MANILA, Philippines – According to think tanks, the current version of the public utility vehicle (PUV) modernization program is not the answer to the country’s current transportation problem.
During a House briefing on Thursday, October 19, IBON Foundation and AGHAM – Advocates for Science and Technology for the People said the program does not address the “lack of public mass transport system.”
“The goal is for a publicly owned (transport system for) the welfare of the riding public. Finally, we propose that there should be a comprehensive public transport plan for individual vehicle type,” Glenis Balangue, IBON Foundation’s senior researcher said.
The House committee on transportation called for the meeting with transport officials after a two-day strike by jeepney operators and drivers over the government’s plan to replace jeepneys that are older than 15 years. (WATCH: Abala ba ang transport strike?)

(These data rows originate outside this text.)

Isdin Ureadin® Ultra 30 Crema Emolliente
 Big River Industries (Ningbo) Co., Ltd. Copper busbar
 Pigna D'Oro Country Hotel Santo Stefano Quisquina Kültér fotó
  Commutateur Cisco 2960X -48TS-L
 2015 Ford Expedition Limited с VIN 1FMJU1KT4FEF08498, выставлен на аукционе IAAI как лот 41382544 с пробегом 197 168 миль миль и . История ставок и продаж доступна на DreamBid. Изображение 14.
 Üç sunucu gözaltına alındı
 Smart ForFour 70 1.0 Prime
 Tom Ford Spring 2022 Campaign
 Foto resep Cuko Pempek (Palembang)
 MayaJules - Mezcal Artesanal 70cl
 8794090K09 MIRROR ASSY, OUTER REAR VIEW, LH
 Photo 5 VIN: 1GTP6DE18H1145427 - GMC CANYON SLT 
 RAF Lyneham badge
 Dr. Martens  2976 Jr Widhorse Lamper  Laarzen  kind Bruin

The think tanks said the government should not pass the burden of buying new and “expensive” jeepney models if the goal is to promote affordable, safe, and up-to-standard transport system.
Instead of giving the funds from the Comprehensive Automotive Resurgence Strategy program to foreign car manufacturers, IBON Foundation said it can be used to subsidize the cost of jeepneys through cooperatives.
In their position papers submitted to the committee, the think tanks suggested a “Palit Jeepney” program which focuses on evaluating the roadworthiness of public utility jeepneys (PUJ).
“Evaluation for roadworthiness should be done at a per-unit basis instead of a fixed standard (of) ‘older than 15 years’ which now stands,” Agham said.
IBON Fondation suggested that the program can start by “auditing all registered PUJs which could still be rehabilitated” and should be complemented by an assured regular maintenance program at “no or minimal cost to the cooperative.”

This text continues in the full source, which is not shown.